Voice recognition in the cloud, along with the Artificial Intelligence (AI) to interpret and respond intelligently (which is a very different task to traditional Voice to text) is highly disruptive. The last major disruption we saw in the mobile market, was Apple’s introduction of the iPhone. That was disruptive because it changed the dominant skillset from Radio Frequency (RF) expertise (the preserve of the previous cadre of suppliers – Nokia, Ericsson and Motorola) to User Experience. The iPhone won customer’s hearts because of its ease of use and what you could do with it. It can be argued that that change is what allowed Samsung to rise to its number one position in the handset market. The incumbents (Nokia, Ericsson and Motorola) were too arrogant to copy; Samsung wasn’t, and the rest is history.
In the same way that user experience changed the game in Apple’s favour, the AI behind Voice recognition is poised to change the game again. This time, the companies which will succeed are those with the cloud AI expertise. Amazon has made the running, leveraging its Amazon Web Services experience. Google is well placed to challenge, helped by its acquisition of Deep Mind, who are already showing their capabilities with Google’s Neural Machine Translation. Microsoft’s recent acquisition of Maluuba shows that it intends to be one of the key players. However, this puts physical product companies like Apple and Samsung at a distinct disadvantage. Even with Siri and Viv, without the AI expertise to make the Internet Of Voice (IoV) compelling, they could quickly slip from market leaders to low margin followers.

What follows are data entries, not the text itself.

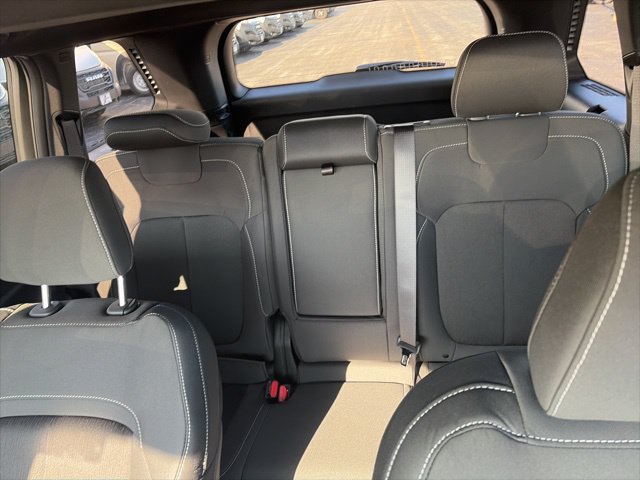 New 2026 Jeep Grand Cherokee Laredo X AWD/4WD image 12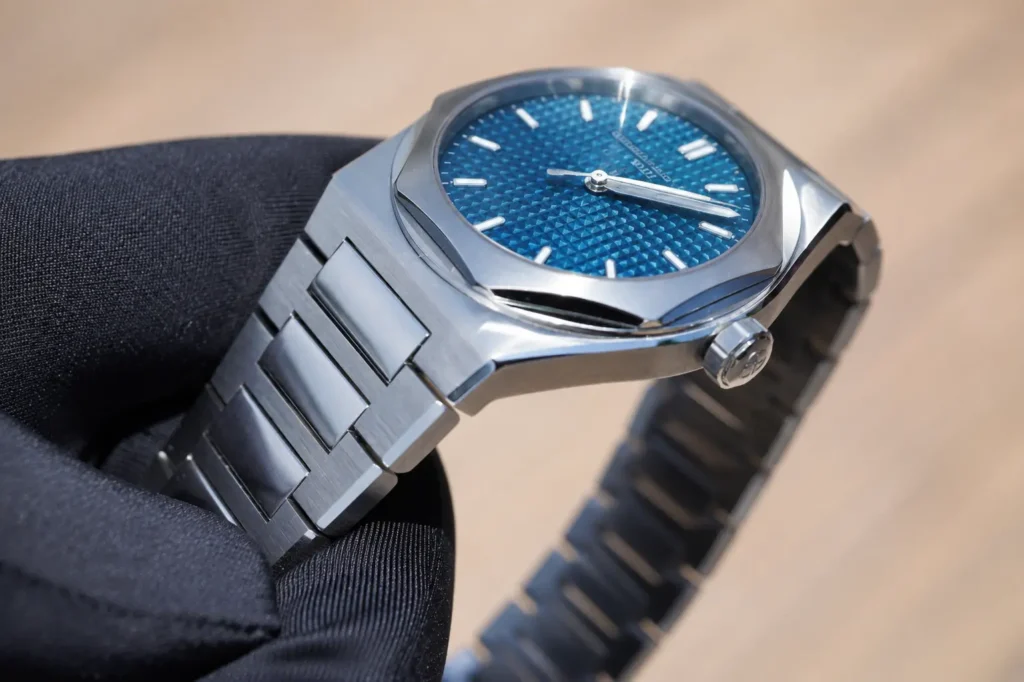Girard-Perregaux Laureato Fifty 39mm Girard-Perregaux Laureato Fifty 39mm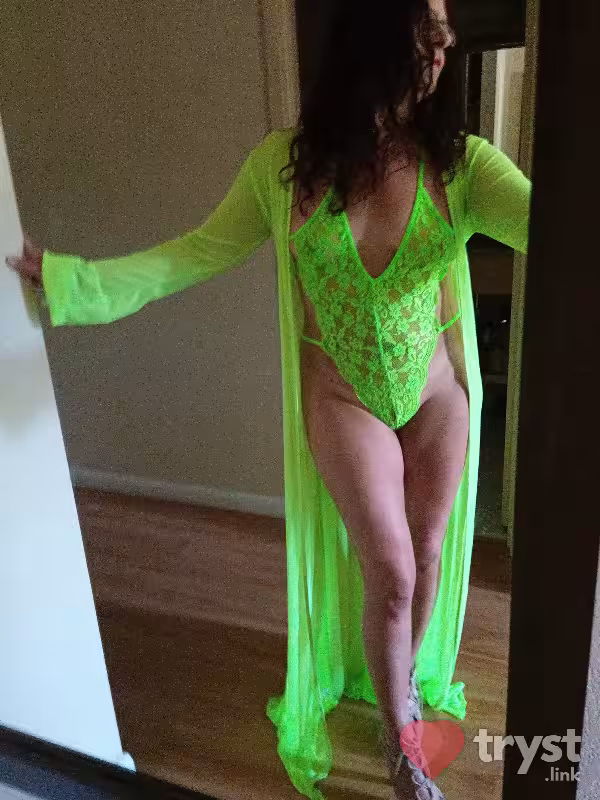 Escort Tara in Knoxville, TN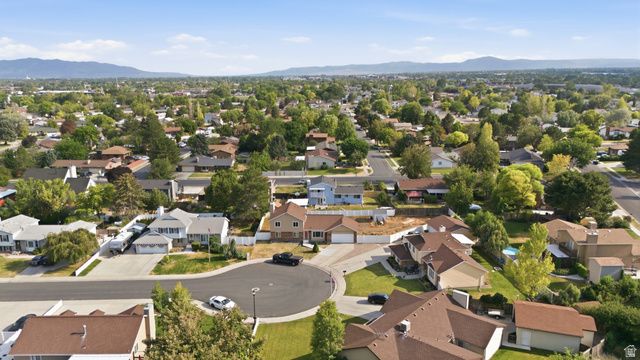 3363 W SCHORR CIR, West Jordan, UT 84084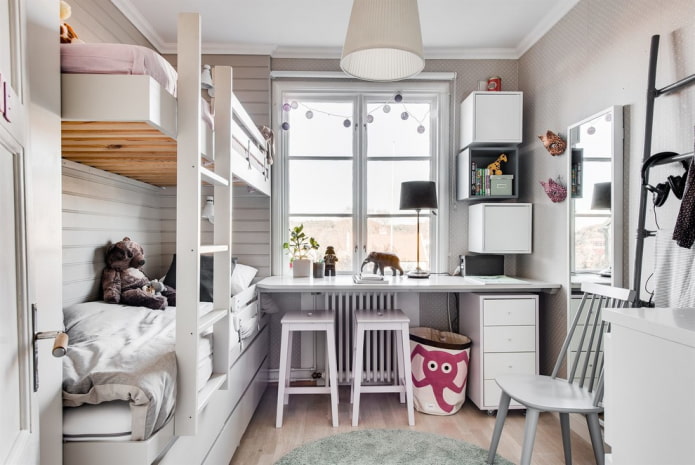 quarto para duas meninas em estilo escandinavo
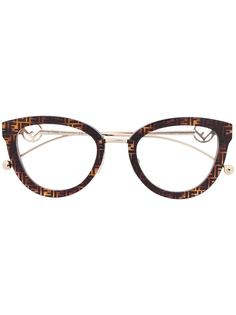 Fendi Eyewear очки в круглой оправе с монограммой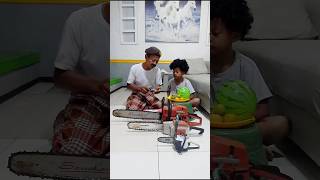 Abang Gergaji Mesin Coba Makan Buah yang Asam [upl. by Semaj]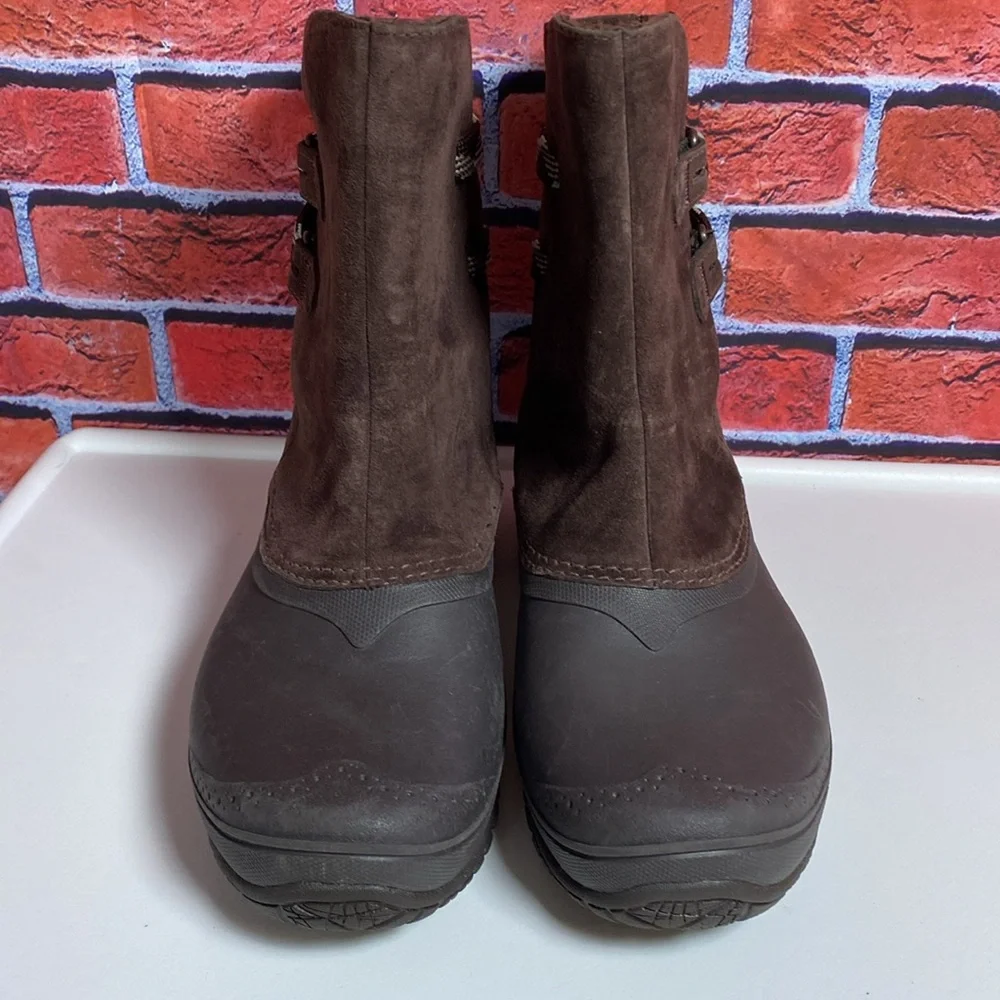 The North Face size faux
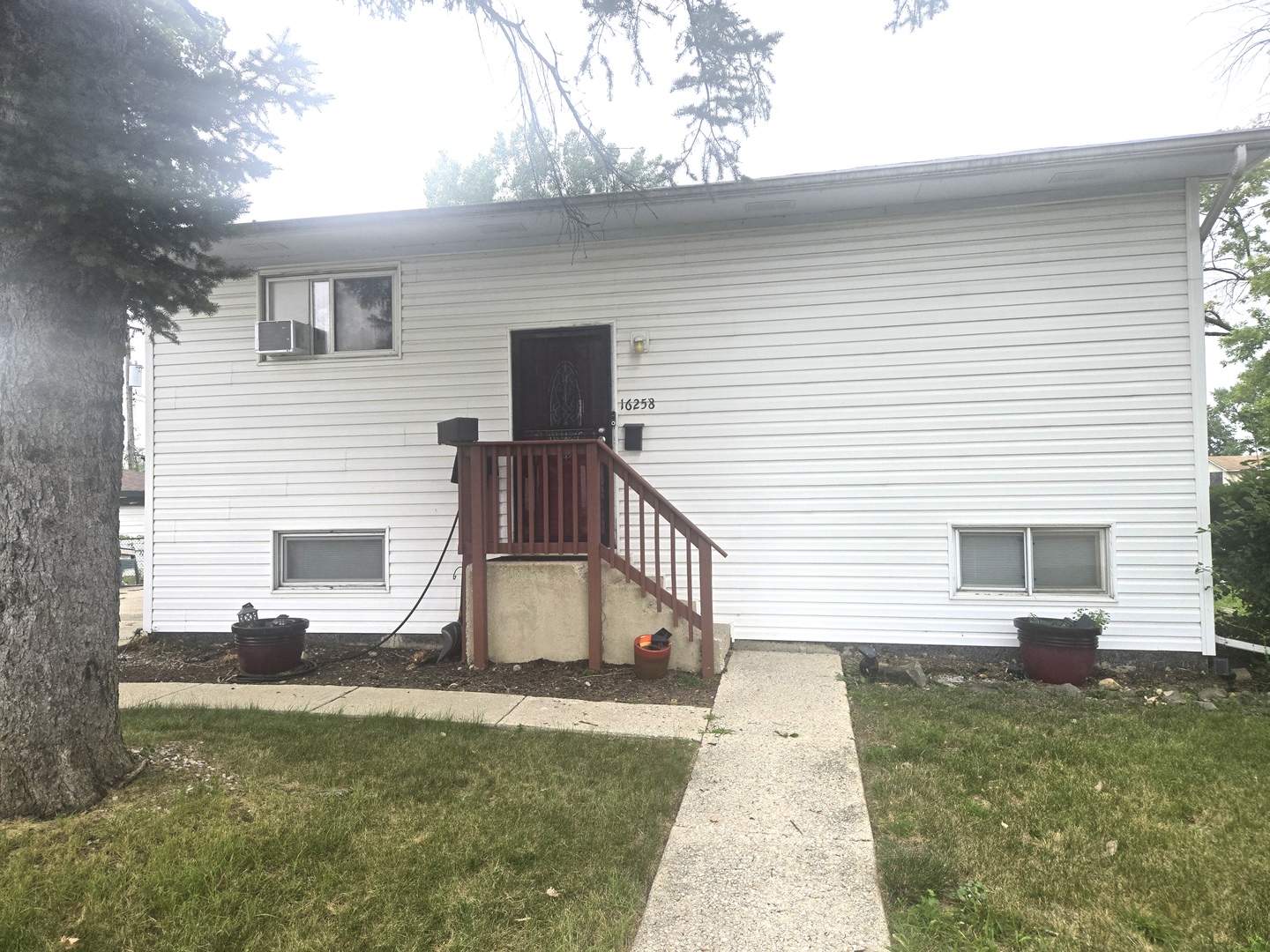 16258 Laflin Avenue Property Photo 3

Although Amazon, Google and Microsoft have played, or are playing with mobile hardware, this is not a hardware play – it’s an AI play, where the company which can acquire the most Voice data (i.e. users) will be best placed to win. It’s remarkably cheap and easy for any manufacturer to incorporate the basics in their product, as all the local hardware has to do is to recognise a key word or phrase – “Alexa” in Amazon’s case, “OK Google” in Google’s, at which point it then streams the Voice signal to the cloud and gives ownership of the user to Amazon or Google. It’s why the keyword is so important – it becomes the brand, rather than the device which provides the route through to the cloud.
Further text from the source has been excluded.